Problem statement: The required output is the stretch from the line containing "The first point" through the line containing "As a last resort, consider" in the records below, unaltered and with no pictures.

======== Data for this exercise ========

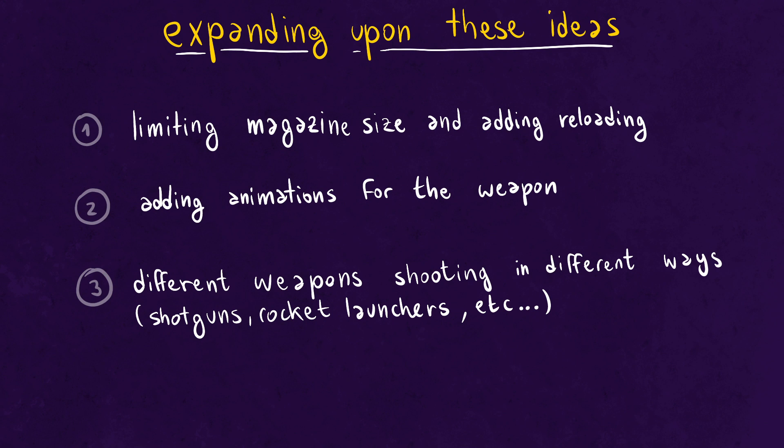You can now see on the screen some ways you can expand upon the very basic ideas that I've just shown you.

========
======== Data for this exercise ========

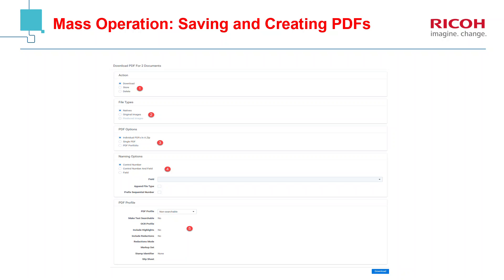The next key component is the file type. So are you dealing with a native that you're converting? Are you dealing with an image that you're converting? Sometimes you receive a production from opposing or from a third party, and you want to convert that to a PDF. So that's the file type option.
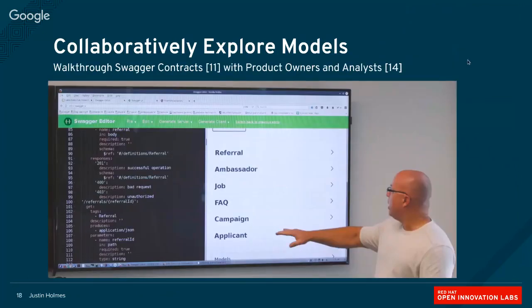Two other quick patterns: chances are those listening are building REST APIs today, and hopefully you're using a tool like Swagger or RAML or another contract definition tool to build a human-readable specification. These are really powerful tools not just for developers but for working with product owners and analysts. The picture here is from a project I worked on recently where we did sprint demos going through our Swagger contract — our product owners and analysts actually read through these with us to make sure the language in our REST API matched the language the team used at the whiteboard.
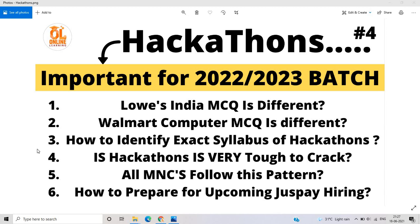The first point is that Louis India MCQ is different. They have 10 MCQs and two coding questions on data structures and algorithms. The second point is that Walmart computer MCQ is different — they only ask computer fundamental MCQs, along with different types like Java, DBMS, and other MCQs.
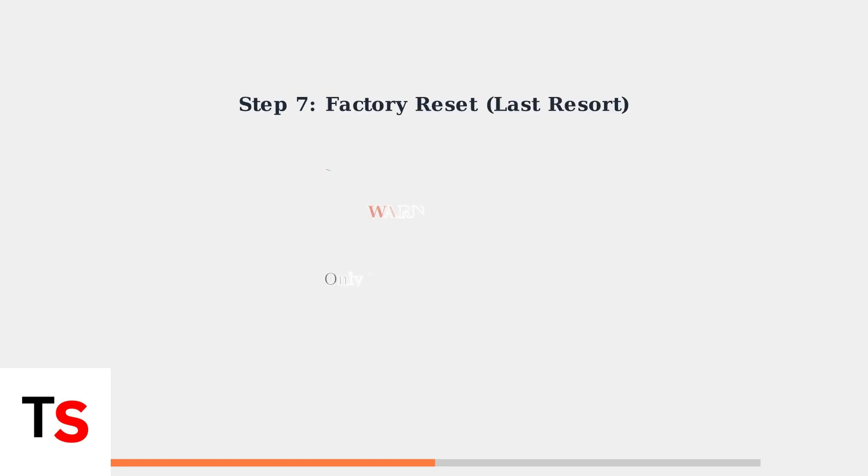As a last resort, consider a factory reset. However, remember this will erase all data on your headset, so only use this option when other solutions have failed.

========

Finished task:
The first point is that Louis India MCQ is different. They have 10 MCQs and two coding questions on data structures and algorithms. The second point is that Walmart computer MCQ is different — they only ask computer fundamental MCQs, along with different types like Java, DBMS, and other MCQs.
As a last resort, consider a factory reset. However, remember this will erase all data on your headset, so only use this option when other solutions have failed.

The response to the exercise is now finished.